<aside> ℹ️ There are plenty of details in this page. Use the ▶ icon to expand on some part of the topic.

</aside>

<aside> ✅ This has been resolved. The root cause was a bug in NodeJS with keep-alives. The keepalive timeout of the application was shorter than the reverse proxy's (Nginx) one. Increasing NodeJS' keepalive configuration to be greater than Nginx's ones (i.e. > 75 seconds) solved the issue.

</aside>

Overview

Architecture: We have a NodeJS application running in Kubernetes. This application is exposed to the internet by an Nginx ingress controller (which does the SSL termination, from a LetsEncrypt certificate).

Issue: A very small amount of HTTP requests (0.00006%) end up in 502s. For every 502, nginx reports a Connection reset by peer.

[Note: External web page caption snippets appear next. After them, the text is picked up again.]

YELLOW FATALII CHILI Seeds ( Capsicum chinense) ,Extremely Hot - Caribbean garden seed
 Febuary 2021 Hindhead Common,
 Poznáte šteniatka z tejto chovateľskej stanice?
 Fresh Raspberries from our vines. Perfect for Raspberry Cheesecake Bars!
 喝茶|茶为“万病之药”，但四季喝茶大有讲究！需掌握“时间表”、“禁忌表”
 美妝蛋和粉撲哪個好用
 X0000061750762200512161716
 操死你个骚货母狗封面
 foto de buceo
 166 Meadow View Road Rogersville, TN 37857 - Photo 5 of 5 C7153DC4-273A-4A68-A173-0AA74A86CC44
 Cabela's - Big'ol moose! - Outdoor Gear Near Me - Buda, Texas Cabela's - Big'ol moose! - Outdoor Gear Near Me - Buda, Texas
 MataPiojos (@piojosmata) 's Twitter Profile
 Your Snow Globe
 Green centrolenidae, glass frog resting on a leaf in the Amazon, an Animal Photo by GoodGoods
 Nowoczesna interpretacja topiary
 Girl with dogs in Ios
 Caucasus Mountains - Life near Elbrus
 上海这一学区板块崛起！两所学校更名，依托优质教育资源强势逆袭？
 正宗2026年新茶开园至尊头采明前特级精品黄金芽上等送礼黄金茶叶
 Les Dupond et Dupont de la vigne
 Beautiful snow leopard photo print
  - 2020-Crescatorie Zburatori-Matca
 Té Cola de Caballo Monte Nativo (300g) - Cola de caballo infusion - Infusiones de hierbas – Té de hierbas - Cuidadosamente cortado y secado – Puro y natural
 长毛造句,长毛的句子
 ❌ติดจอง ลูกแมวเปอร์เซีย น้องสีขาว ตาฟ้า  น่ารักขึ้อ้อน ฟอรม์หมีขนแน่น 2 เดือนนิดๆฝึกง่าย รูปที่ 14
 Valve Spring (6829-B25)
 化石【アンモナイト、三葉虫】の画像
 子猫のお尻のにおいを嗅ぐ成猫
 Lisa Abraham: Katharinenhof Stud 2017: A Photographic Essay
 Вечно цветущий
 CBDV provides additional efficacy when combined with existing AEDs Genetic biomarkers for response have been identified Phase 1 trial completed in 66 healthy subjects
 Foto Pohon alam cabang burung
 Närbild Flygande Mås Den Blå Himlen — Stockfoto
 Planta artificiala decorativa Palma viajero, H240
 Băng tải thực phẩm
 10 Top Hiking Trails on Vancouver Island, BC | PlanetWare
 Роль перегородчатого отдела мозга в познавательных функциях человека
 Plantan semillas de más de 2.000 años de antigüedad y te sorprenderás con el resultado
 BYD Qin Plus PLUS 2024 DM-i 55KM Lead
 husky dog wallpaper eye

There is a Connection error warning for 0.0001% of the HTTP requests:

2020/03/24 14:25:52 [error] 39#39: *3117560 recv() failed (104: Connection reset by peer) while reading response header from upstream, client: 10.134.3.92, server: api.production.birdie.care, request: "GET /oauth/tokeninfo HTTP/1.1", upstream: "<http://10.134.3.55:8000/oauth/tokeninfo>", host: "api.production.birdie.care"

Reproducer

We are able to reproduce the issue with:

We are running a very simple NodeJS application (see code by expanding)
It exposes 3 different endpoints, with 3 different application behaviours
- / a home page (returns directly)
- /wait/{time} a pages that uses setTimeout and returns after {time} milliseconds
- /sleep/{time} a page the uses a blocking system sleep for {time}ms before response
- /busy/{time} a page that burns CPU for {time}ms before answering
Sending 50,000 requests to API using ab -c 50 -n 500000 Number bellow are averaged after many runs.
- / 0 connection reset (very very rarely - happened once -, with much higher ab traffic)
- /wait/* , 0 connection reset.
- /sleep/10 ~10 connection reset
- /busy/10 ~10 connection reset
Note: See more load-testing results with the nestjs-boilerplate bellow.

When we CANNOT reproduce

It does NOT reset connections with an application written in Go (with the same endpoints)

Other observations

The higher the CPU usage of the application container, the more likely we are to have Connection resets.
Same behaviour happens (obviously) with NestJS applications (using NodeJS & Express) (Note: inside here are more ab results)